These Theosophical rituals have and had a variety of names. Examples are “Sydney Workings”, “Annie Besant Concord”, “Dharma Workings”, “Lauderdale”, “Besant / Leadbeater” or “English” (the latter because the rituals were based on what is nowadays Emulation).
None of that is very important for the present article, but what were and are the differences in the rituals and how was the Freemasonry of Leadbeater different from other kinds of Freemasonry?

Let me start with a few ‘ritual differences’. The arrangement of the lodge differs from one rite to the next. People familiar with Emulation may not be surprised by an empty chair in the North or an officer sitting in the South, but other Masons just may be.
A bigger difference is the ‘dress-code’. White clothing, robes even sometimes, is still the norm in many lodges working any of the Theosophical rites. There seems to have been a time that some sort of hoods were worn.
People not used to Theosophical rituals will have at leat two more surprises. First, there is singing in the lodge, second, the opening involves a lengthy ceremony with incence.

So far the outer differences (feel free to complement me using the comment field below).

Leadbeater wrote a lot, but it seems that his bibliography contains just two books about Freemasonry, both published in 1926. The first is called Glimpses of Masonic History (later:  Ancient Mystic Rites). The second The Hidden Life in Freemasonry

The first book, as the title suggests, is a history of Freemasonry. In the last chapter the author touches upon “the co-Masonic order”. As we see more in those days, Leadbeater wrote an esoteric history of Freemasonry describing all kinds of mysteries.
The second title I recently picked up because I ran into a quote from it and decided to check the context. The book is very Theosophical. You can read about “thought forms”, “chakras”, “kundalini”, the ‘Great White Lodge” and whatnot. Of course Leadbeater also writes about Masonic ritual and elements therefrom. The temple, furniture, functionaries, the opening and closing, etc., etc. That is -of course- one thing, but here we actually have a book of a person who wrote Masonic rituals and and this book explains why certain things are the way they are. You can read why Leadbeater added the incence opening and why he left the Q&A at the opening. No matter what you think of such elements, it is interesting to read the ‘how’s and ‘why’s of the author himself.

Then there are the explanations themselves. To stick with the censing; the order of the places and the forms in which the container is swung is extremely particular and Leadbeater says why. He also writes about how he clairvoyantly sees ‘beings’ over the heads of officers and how they become active when the officer has a task in an open lodge. Leadbeater speaks about magnetising the lodge and how hard work this is when other people present don’t understand what is going on. Indeed, a rather ‘fluffy’ explanation of Freemasonry, but of course, each to his/her own.

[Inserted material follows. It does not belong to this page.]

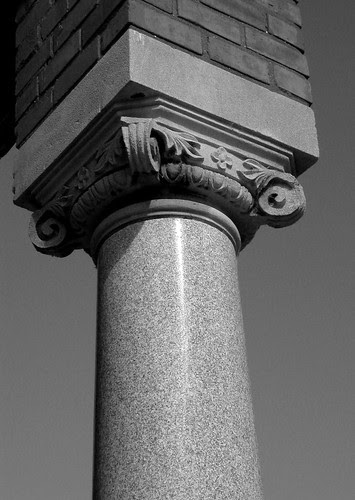 Americanised Ionic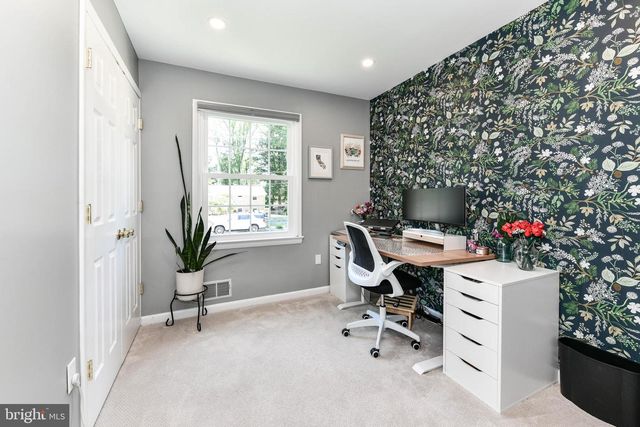 8318 WOODACRE ST, Alexandria, VA 22308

More common elements that Leadbeater explains certainly can give food for though. He -for example- connects the different officers to parts of the body, such as the astral body (J.D.) or the lower mind (S.D.). During the opening the O.G. (physical body) has to see to it that the temple of the human body is not polluted with elements that should not be in there. The I.D. (etheric double) has to guard against impure thoughts, etc. This gives an idea of how the proceedings during the opening, are a reflection of what is to happen within the members present themselves. Also practical things that are not given much thought usually are explained, like why the feet are the way they are in the different degrees, why the signs are the way they are, etc.

Leadbeater is more than once ‘too Theosophical’ for me, but he certainly gets me thinking every now and then. Besides, and in repetition, it is interesting to read how and why elements got to make part of the rituals that Leadbeater co-authored.

Therefor I think this book will be particularly interesting for members working in any of the Leadbeater(-derived) rituals, but since many elements are the same in other lodges, a (much) different look on what we are doing never hurts, does it?

The author uses a lot of abbreviations, which sometimes make too much of a puzzle to me.

Theosophy and co-Masonry

A while ago a regular Freemason was making fun of my kind of Freemasonry towards a brother of his. He mentioned Annie Besant (1847-1933) and Rudolf Steiner (1861-1925), since Theosophy alone is an argument that mixed gender Freemasonry can’t be much.
I enlightened the good man a bit on the fact that, to take the Netherlands as example, mixed gender Freemasonry indeed started as a ‘Theosophical project’, already 14 years after the establishment of the first lodge, a general non-Theosophical Rite was imposed by the Supreme Council of Le Droit Humain. So of the 112 years of history of mixed gender Freemasonry in the Netherlands, only 14 are ‘really Theosophical’.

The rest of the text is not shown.